§ Raw data
# # # #

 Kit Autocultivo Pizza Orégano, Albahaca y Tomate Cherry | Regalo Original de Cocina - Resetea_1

# # # #

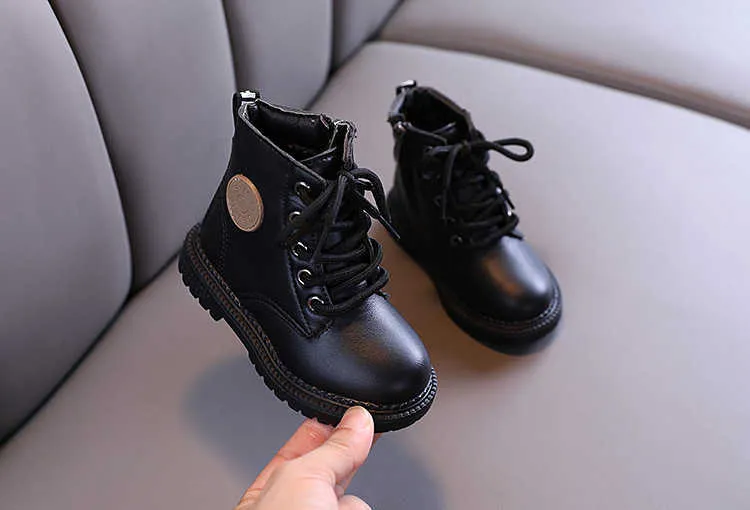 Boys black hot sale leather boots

# # # #

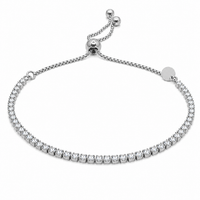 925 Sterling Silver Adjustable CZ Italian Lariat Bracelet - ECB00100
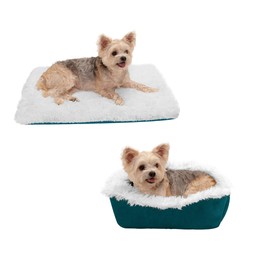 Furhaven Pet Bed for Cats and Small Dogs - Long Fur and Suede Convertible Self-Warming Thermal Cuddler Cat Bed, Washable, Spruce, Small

# # # #

§ The task
Out of the records above, please copy exactly the lines from the line with "925 Sterling Silver" up to and including the line with "Furhaven Pet Bed", minus the pictures.

§ Answer space
 925 Sterling Silver Adjustable CZ Italian Lariat Bracelet - ECB00100
 Furhaven Pet Bed for Cats and Small Dogs - Long Fur and Suede Convertible Self-Warming Thermal Cuddler Cat Bed, Washable, Spruce, Small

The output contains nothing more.